Mammalian cells are well established systems for the production of a wide range of high added value proteins. About 60-70% of all biopharmaceuticals are produced in mammalian cells due to the capacity of these cells to perform complex post-translational modifications to yield biologically active proteins.
One of the most important limitations of mammalian cells is their inefficient metabolism, characterized by the consumption of large quantities of glucose and concomitant production of similar amounts of by-products, like ammonia and lactate, which can detrimentally affect the cell growth. Interestingly, we have observed that under certain culture conditions mammalian cells are able to co-consume both glucose and lactate during the exponential growth phase.
Chapters 3 and 4 are focused on presenting the different glucose and lactate metabolisms in cultures of HEK293 and CHO. Three different glucose and lactate metabolisms have been obtained: Phase 1: glucose consumption and lactate production (exponentially growth), Phase 2: glucose and lactate simultaneous consumption (exponentially growth), and Phase 3: lactate consumption as a sole carbon source (no cell growth). These different metabolic phases were observed mainly depending on two cell culture conditions: the pH and the lactate concentration. In order to perform a deeper study of the different phases presented, an analysis of the intracellular flux distribution for the different phases have been performed for both cell lines by means of Flux Balance Analysis (FBA).

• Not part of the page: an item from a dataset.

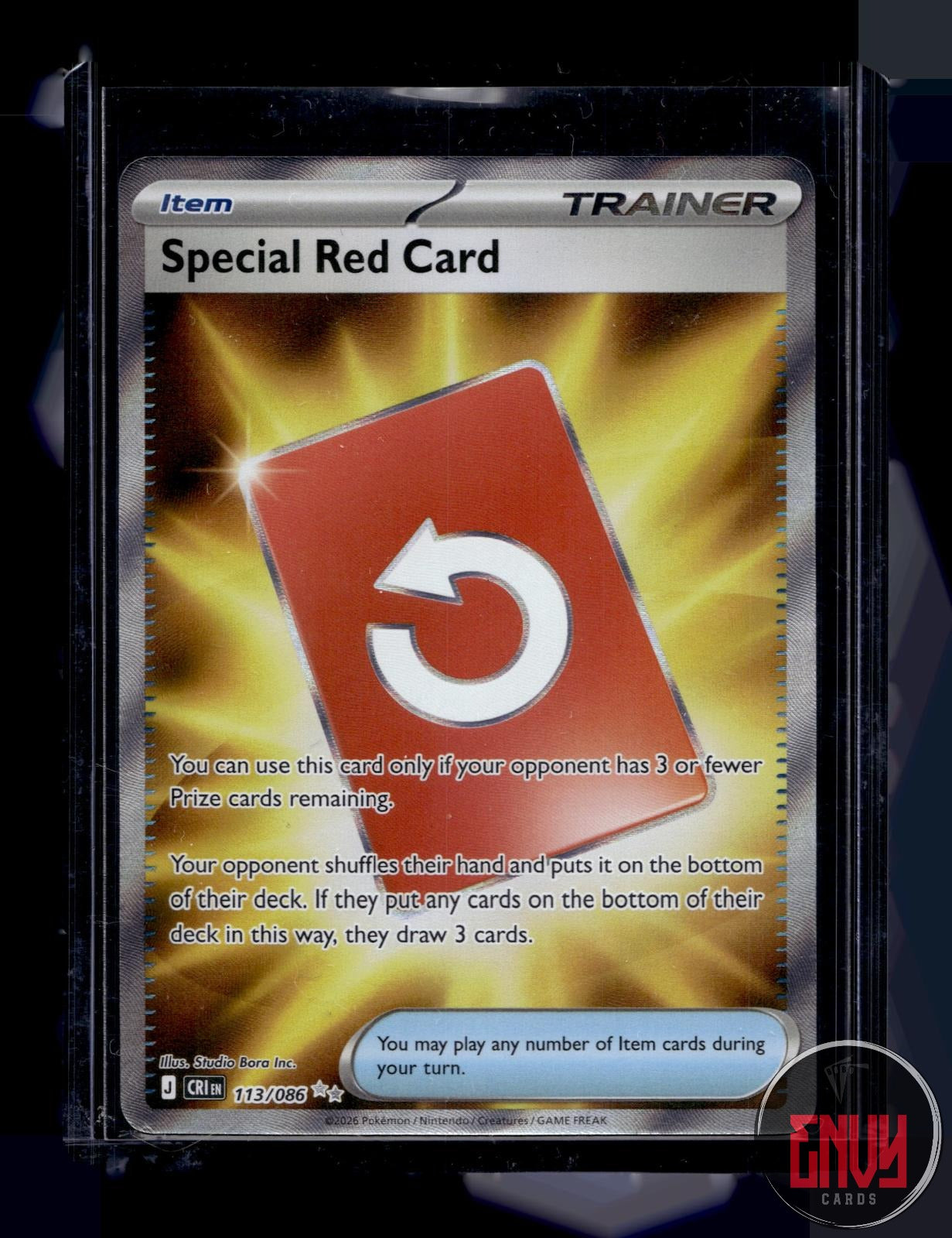 Special Red Card Near Mint 113/086 Ultra Rare Chaos Rising Pokemon Holo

FBA showed that, in Phase 1, lactate is produced because pyruvate is converted to lactate to fulfill the NADH regeneration requirements in the cytoplasm and only a small amount of pyruvate is introduced into TCA through Acetyl-CoA. In glucose-lactate concomitant consumption (Phase 2), glucose uptake was significantly reduced and a balance between glycolysis and TCA cycle fluxes was reached, yielding a more efficient substrate consumption.
Once understood the metabolism of mammalian cells in culture, the next step is to apply this knowledge in the engineering bioprocess area. To this end, a new robust on-line monitoring tool based on the alkali buffer addition used to maintain the pH set-point is presented in Chapter 5. This new tool is compared with a widely used monitoring tool based on the Oxygen Uptake Rate (O.U.R.) determination, by means of application of the dynamic method.
The two alternatives presented have shown clear advantages in respect to final product titer and, especially, volumetric productivities. But better results have been obtained with the alkali addition strategy, increasing the total viable cell concentration and product titer by 178% and 257% respectively, and obtaining a 109% increment of the process volumetric productivity in respect to the batch culture. This is due to the culture constant distortions of the pO2 and pH performed in every O.U.R. dynamic measurement.
To close the work performed, a different non-invasive method for O.U.R. determination based on the stationary liquid mass balance was presented and tested in batch culture in Chapter 6. The results demonstrated to be a reliable alternative to monitor the metabolic activity in bioreactors, being a useful tool for high cell density culture strategies implementation based on O.U.R. monitoring.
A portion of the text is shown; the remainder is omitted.